» PROBLEM DESCRIPTION
Copy, word for word, the lines below from the one containing "DS Automobiles DS7 Crossback - fotka číslo 3" up to and including the one containing "Injahaz Full Garment Collection", with pictures left out.

» EXTRACTED DATA
────────────────

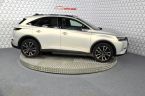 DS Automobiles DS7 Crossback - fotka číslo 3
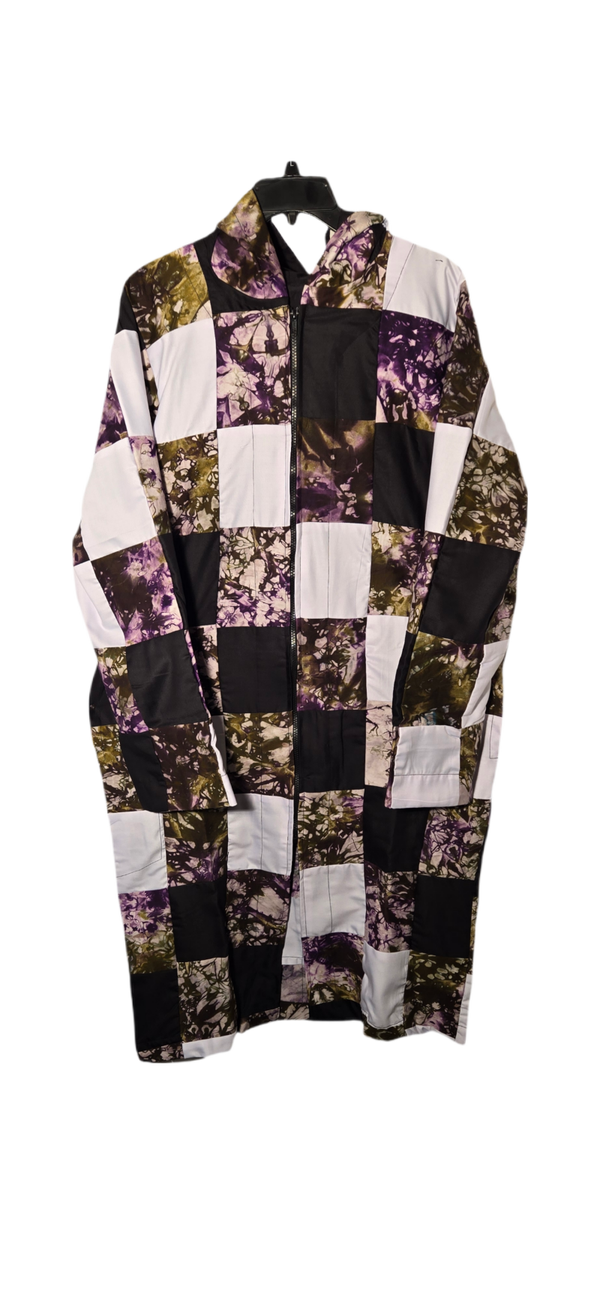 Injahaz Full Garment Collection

────────────────

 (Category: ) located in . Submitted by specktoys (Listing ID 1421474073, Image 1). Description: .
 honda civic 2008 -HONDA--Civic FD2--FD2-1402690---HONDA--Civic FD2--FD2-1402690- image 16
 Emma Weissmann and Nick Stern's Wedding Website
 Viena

────────────────

» SOLUTION TO THIS TASK
 DS Automobiles DS7 Crossback - fotka číslo 3
 Injahaz Full Garment Collection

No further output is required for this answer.